_Goal of the exercise:_ Write out the material below again, line for line, without any images.

_Provided entries:_
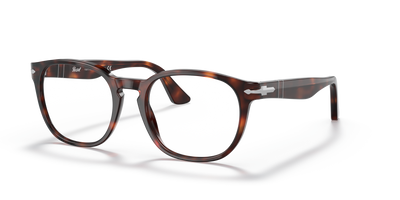 Persol PO3283V 24 52 19 光学镜架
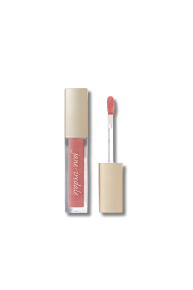 ColorLuxe HighImpact LipGlaze Au Naturel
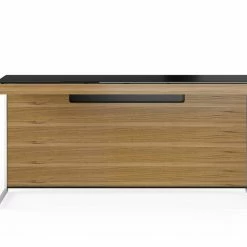 BDI Sequel 20™ Return Desk 6102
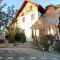 Vila Slanic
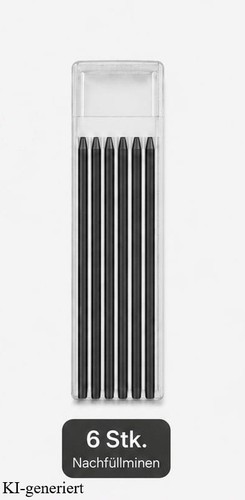 Tieflochmarker tieflochstift - tieflochmarker,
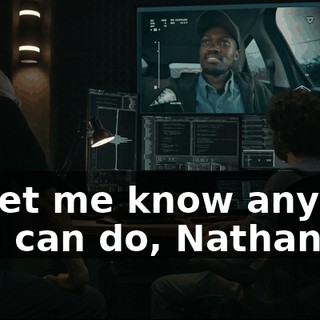 426ed2c4-929e-43a4-8846-d0bb013fd4ae.gif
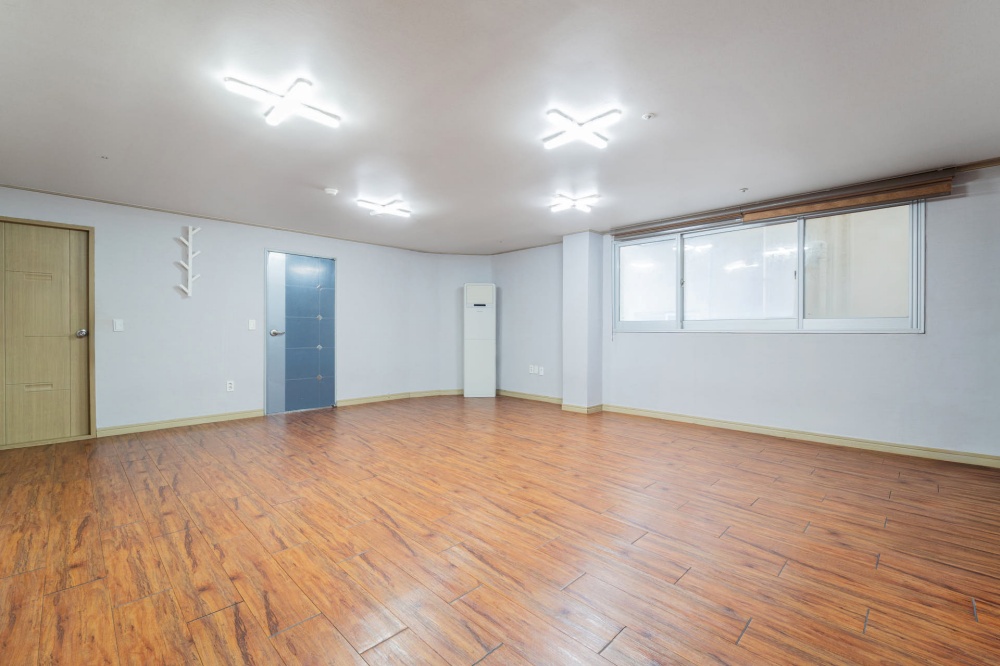 부산 더설레임펜션 썸네일3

_Reply to the task:_
 Persol PO3283V 24 52 19 光学镜架
 ColorLuxe HighImpact LipGlaze Au Naturel
 BDI Sequel 20™ Return Desk 6102
 Vila Slanic
 Tieflochmarker tieflochstift - tieflochmarker,
 426ed2c4-929e-43a4-8846-d0bb013fd4ae.gif
 부산 더설레임펜션 썸네일3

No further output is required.